The concept of outdoor school is one that many school systems have adopted in recent years. We love the idea of spending time outdoors with our students, especially when we read about the schools of the prophets and Ellen White’s counsel regarding such venues for education. Outdoor school is perhaps one of the greatest gifts we can give our students to help them appreciate nature, God’s second book, and most importantly, the Creator, who has made all things in the great outdoors.
The New York Conference (NYC) has been operating a dynamic outdoor school program for many years now. Every year in early September for five days, grade 5-9 students, teachers, volunteers, and the conference administrators meet at Camp Cherokee in northern New York to conduct the outdoor school.
This year the program ran September 8-12, and was directed by Bradley Booth, superintendent of schools, and Dan Whitlow, youth director for New York Conference. A total of 82 students from seven schools and two homeschoolers attended the outdoor school. Eight teachers, 18 volunteers, and two conference administrators served as instructors for classes, recreational directors, evening leadership activities, counselors in cabins, food service preparation, maintenance, and supervisors for seventh- and eighth-grade off-campus excursions.

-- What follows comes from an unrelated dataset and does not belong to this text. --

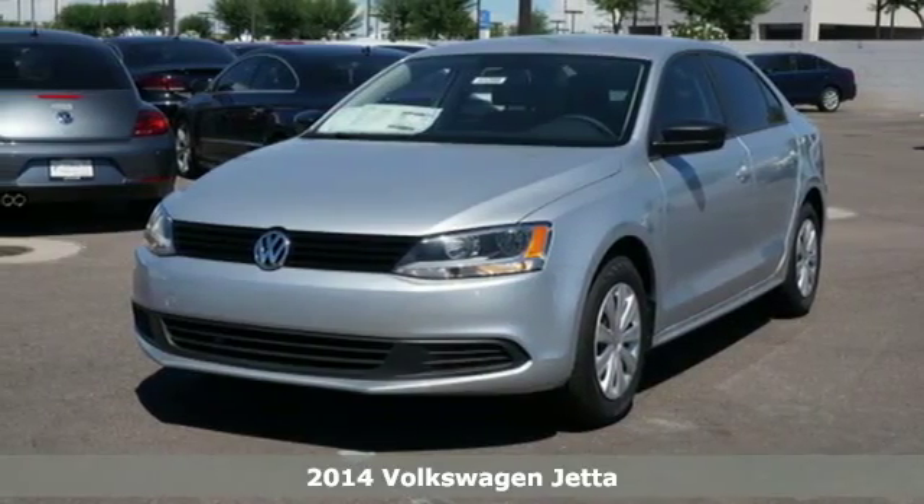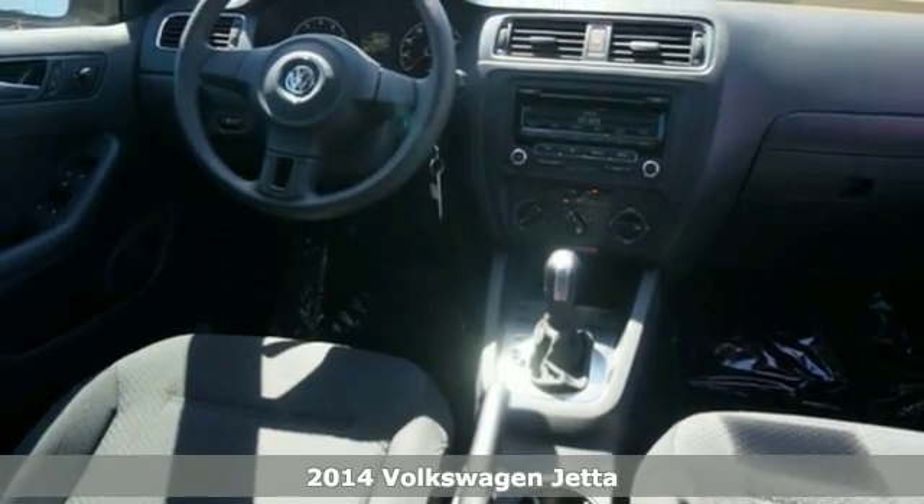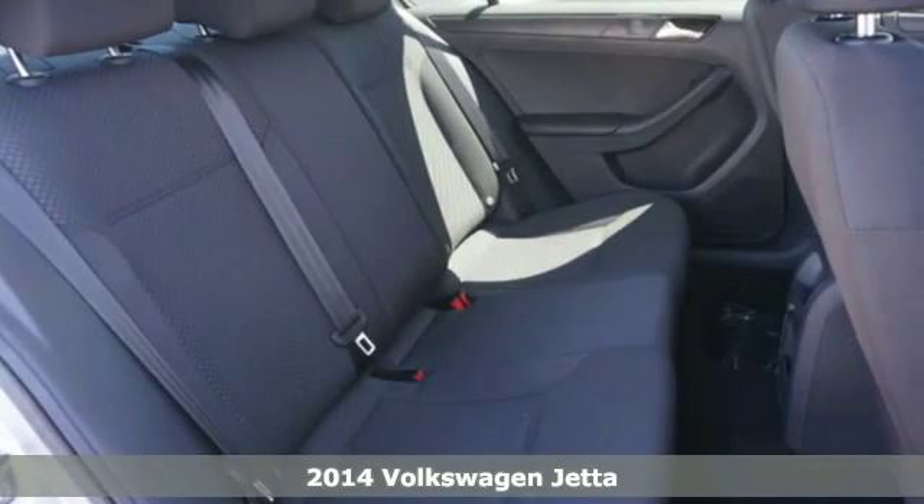Here's a 2014 Volkswagen Jetta. It has more room than you'd think, with class-leading trunk space and best-in-class rear legroom.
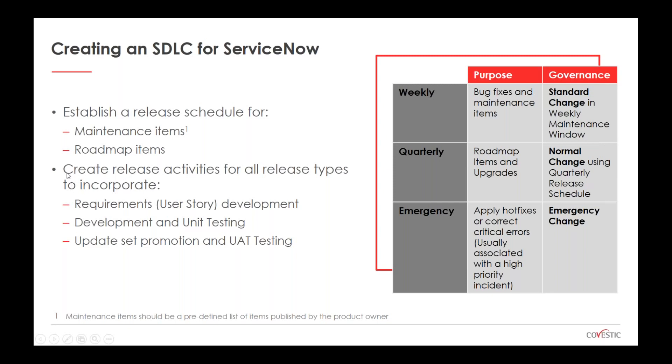The maintenance release focuses on items like cleaning up notifications, fixing form views, or creating reports — maintaining your current scope. The quarterly roadmap release is about pushing your roadmap forward by executing on a particular phase. You need to develop a cadence for both release types. For a major release, how much time do you need for requirements gathering or user story development, for actual development, for unit testing, and for update set promotion and UAT testing? Organizations often find that 40 FTE hours of a maintenance release actually takes three calendar weeks to execute — one week for requirements and user story development, another week for development, and another for UAT, remediation, documentation, and training.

Bob Holbrook was the guest speaker for the outdoor school, and he also taught a class to the fifth- and sixth-graders. Holbrook has served as a youth director at many levels, and as Pathfinder director at the General Conference level (1997-2005). Currently, he is the director and curator of the Oklahoma Conference Camp Nature Center. His spiritual devotionals during outdoor school reflected his wealth of experience in nature and leadership training.
The New York Conference outdoor school program is unique because of its tandem education tracks designed for children in fifth through eighth grade. Fifth- and sixth-graders stay in camp to learn outdoor skills that teach them about nature and help them to survive in the wilderness. All activities emphasize techniques in cooperative learning in the context of an outdoor classroom.
Seventh- and eighth-graders take excursions into the wilderness to learn skills that sharpen their leadership skills, athletic abilities, and sense of team work. Wilderness activities this year included a canoe trip, backpacking, wilderness survival, mountain biking, caving, and horseback riding. All excursions into the wilderness this year were overnight trips that lasted three days, except for a horseback group that took day trips instead.
Three classes were taught by special instructors: Orienteering by Sue Hayford, Nature Drawing/Journaling by Monica Sargeant, and Exploring Forest Habitat by Bob Holbrook. A craft activity was directed each day by Debbie Livergood. The ninth-graders from our conference junior academy program worked in the kitchen, helping with food preparation for the week. A special “thank you” to all the volunteers for their service at camp, and to Dan Whitlow for the use of Camp Cherokee’s facilities.
Students look forward every year to the annual outdoor school program. Younger students enjoy seeing each other for these conference-led outings, and seventh- and eighth-graders enjoy the rites of passage that come with being part of the off-campus wilderness activities. As always, the New York Conference outdoor school program enhances the education curriculum in the conference, and God is honored in the process.
Bradley Booth is the New York Conference superintendent of schools.